Eu cá compadre, continuo a cismar na pontaria do Zeca:
A Formiga no carreiro
A Formiga no carreiro
Vinha em sentido contrário
Caiu ao Tejo
Ao pé dum septuagenário
Larpou trepou às tábuas
E de cima de uma delas
Virou-se pr’o formigueiro
Mudem de rumo
Já lá vem outro carreiro
A formiga no carreiro
Vinha em sentido diferente
Caiu à rua
No meio de toda a gente
Buliu buliu abriu âs gâmbias
Para trepar às varandas
E de cima de uma delas
Virou-se pró formigueiro
Mudem de rumo
Já lá vem outro carreiro
A formiga no carreiro
Andava à roda da vida
Caiu em cima
Duma espinhela caída
Furou furou à brava
Numa cova que ali estava
E de cima de uma delas
Virou-se pr’o formigueiro
Mudem de rumo
Já lá vem outro carreiro
José Afonso
Só de me lembrar que uma xafarica denominada Bimbo (mas que nome mais a propósito) fabrica uma coisa a que chama pão, e ainda por cima ostentou que tinha criado um novo “produto” sem côdea, e que um sem número de energúmenos engolem contentíssimos e desenvolvidíssimos aquela mistela. Apetece-me ir correndo ali à Igreja de S. Braz (não por especial devoção ao santo, é só por estar mais à mão), e desafiar o Senhor a desenganar desde já os patifórios engulidores de tais heresias, proclamando: “Fiquem desde já sabendo que no paraíso não metem vocês os butes, e no purgatório ainda é coisa para analisar caso a caso quando baterem a bota”.

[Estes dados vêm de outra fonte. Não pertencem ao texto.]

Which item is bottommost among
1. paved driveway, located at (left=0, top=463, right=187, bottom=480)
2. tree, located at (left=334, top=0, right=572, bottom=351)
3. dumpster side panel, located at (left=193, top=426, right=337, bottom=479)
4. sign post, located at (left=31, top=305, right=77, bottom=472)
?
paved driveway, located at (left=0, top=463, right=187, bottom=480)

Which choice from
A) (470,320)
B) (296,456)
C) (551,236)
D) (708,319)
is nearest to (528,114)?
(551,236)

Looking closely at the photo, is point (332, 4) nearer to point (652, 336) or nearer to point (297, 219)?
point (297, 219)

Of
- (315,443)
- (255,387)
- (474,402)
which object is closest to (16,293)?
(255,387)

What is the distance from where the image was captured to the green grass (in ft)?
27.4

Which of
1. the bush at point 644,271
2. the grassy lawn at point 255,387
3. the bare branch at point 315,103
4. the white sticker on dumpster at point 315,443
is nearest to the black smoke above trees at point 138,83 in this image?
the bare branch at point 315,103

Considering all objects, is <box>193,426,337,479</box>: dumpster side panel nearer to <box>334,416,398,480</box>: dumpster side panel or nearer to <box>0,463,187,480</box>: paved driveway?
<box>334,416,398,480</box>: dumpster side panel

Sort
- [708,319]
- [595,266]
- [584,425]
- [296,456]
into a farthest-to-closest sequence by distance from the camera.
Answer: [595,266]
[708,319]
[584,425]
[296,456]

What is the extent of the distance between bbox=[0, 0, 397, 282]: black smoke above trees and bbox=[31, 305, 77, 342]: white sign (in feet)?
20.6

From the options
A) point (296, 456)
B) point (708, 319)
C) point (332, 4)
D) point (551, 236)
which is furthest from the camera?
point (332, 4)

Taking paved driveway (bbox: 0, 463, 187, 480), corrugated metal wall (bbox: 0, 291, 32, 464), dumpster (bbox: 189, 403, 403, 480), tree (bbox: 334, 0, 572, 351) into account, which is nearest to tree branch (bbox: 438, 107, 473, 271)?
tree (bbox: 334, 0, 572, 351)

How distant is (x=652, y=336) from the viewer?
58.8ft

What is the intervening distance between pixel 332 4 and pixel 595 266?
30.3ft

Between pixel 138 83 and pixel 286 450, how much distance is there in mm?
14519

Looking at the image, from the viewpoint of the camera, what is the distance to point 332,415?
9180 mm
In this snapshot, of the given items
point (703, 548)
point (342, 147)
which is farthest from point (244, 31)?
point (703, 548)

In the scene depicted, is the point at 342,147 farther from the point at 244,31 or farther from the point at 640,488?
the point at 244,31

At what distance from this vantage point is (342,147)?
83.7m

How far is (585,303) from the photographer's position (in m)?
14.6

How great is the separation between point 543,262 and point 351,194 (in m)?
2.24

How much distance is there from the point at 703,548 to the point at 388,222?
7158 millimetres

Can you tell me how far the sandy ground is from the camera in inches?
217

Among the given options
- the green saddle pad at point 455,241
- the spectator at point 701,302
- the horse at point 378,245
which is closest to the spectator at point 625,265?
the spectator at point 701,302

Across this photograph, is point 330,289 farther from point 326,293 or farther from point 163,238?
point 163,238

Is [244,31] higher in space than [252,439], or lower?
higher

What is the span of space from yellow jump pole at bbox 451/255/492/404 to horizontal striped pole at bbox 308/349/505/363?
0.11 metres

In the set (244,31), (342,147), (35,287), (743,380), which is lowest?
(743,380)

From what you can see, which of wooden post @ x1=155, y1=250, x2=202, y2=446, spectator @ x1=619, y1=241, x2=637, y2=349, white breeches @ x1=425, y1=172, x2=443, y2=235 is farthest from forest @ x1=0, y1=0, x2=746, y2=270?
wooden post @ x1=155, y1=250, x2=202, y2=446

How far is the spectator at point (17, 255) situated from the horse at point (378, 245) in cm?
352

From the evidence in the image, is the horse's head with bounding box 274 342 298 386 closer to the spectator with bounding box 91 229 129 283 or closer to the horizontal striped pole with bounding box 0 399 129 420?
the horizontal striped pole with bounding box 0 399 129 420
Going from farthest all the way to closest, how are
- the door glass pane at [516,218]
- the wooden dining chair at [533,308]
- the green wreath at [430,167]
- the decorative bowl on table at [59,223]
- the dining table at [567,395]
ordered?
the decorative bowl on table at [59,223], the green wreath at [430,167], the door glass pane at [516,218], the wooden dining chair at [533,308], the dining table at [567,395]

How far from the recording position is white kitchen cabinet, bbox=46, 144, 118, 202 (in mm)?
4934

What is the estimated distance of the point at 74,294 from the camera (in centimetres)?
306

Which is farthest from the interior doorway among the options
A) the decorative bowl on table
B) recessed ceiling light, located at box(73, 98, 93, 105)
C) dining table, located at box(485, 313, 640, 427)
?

Na padaria onde me abasteço de um belíssimo pão de Moura, sítio onde não raro um gajo para ganhar a côdea tem de bichar uns bons pares de minutos, implantaram impante e lustroso um zingarelho de fatiar os casqueiros. Observando a coisa da bicha é mais ou menos assim:
- Dois de meio quilo fatiados – proclama a dondoca de beiços esticados para não tirar a linha ao bâton ;
- Um de quilo fatiado – adoça o chefe de finanças de unha do indicador direito super grande para lhe facilitar o folheado dos canhenhos do fisco, e possivelmente para o ajudar a separar as fatias do santo casqueiro;
- Dois de quilo, mas fatiados - gagueja o ti Manel que eu sei de fonte segura ir de seguida tratar com as suas mãos calosas dum hortejo meio oficial que tem ali atrás da GALP.
C’um caralho, mas onde está a cabeça desta gente, pelo menos o das finanças e o ti Manel deveriam saber que o pão cortado endurece rapidamente, para além de perder gosto e cheiro. Onde perderam o jeito uterino de abraçar o pão para o ir fatiando a desejo. Onde perderam o jeito mais maneiro de o cortar na tábua. Eu sei, eu sei, ovelha imita ovelha… para além disso dá um ar moderno ao nosso provincianismo bacoco.
Noutro dia, quando chegou a vez do meu avio, declarei, com voz grossa, martelando as sílabas:” D. Francisca, dois de quilo já mastigados s.s.f.”.
Os romanos, para a posteridade, ainda deixaram um Coliseu +- a ¾ e uma catrefada de coisas mais ou menos em bom estado. Nós, bom o nosso “Império Amparo” para além da saga e sagacidade do grande Camões e de outros engenhos de outra não menos sapiente rapaziada, na nossa incansável e promíscua guloseima perpetuámos a cor de café com leite.
Estes gimbrinhas do Império Amaricano, pelo jeito que as coisas levam, nem umas notas verdosas de dólar para a rapaziada se entreter no monopólio!!!
O meu bom e republicano avô sintetizaria do seguinte modo: “Casa de ferreiro espeto de pau”!!!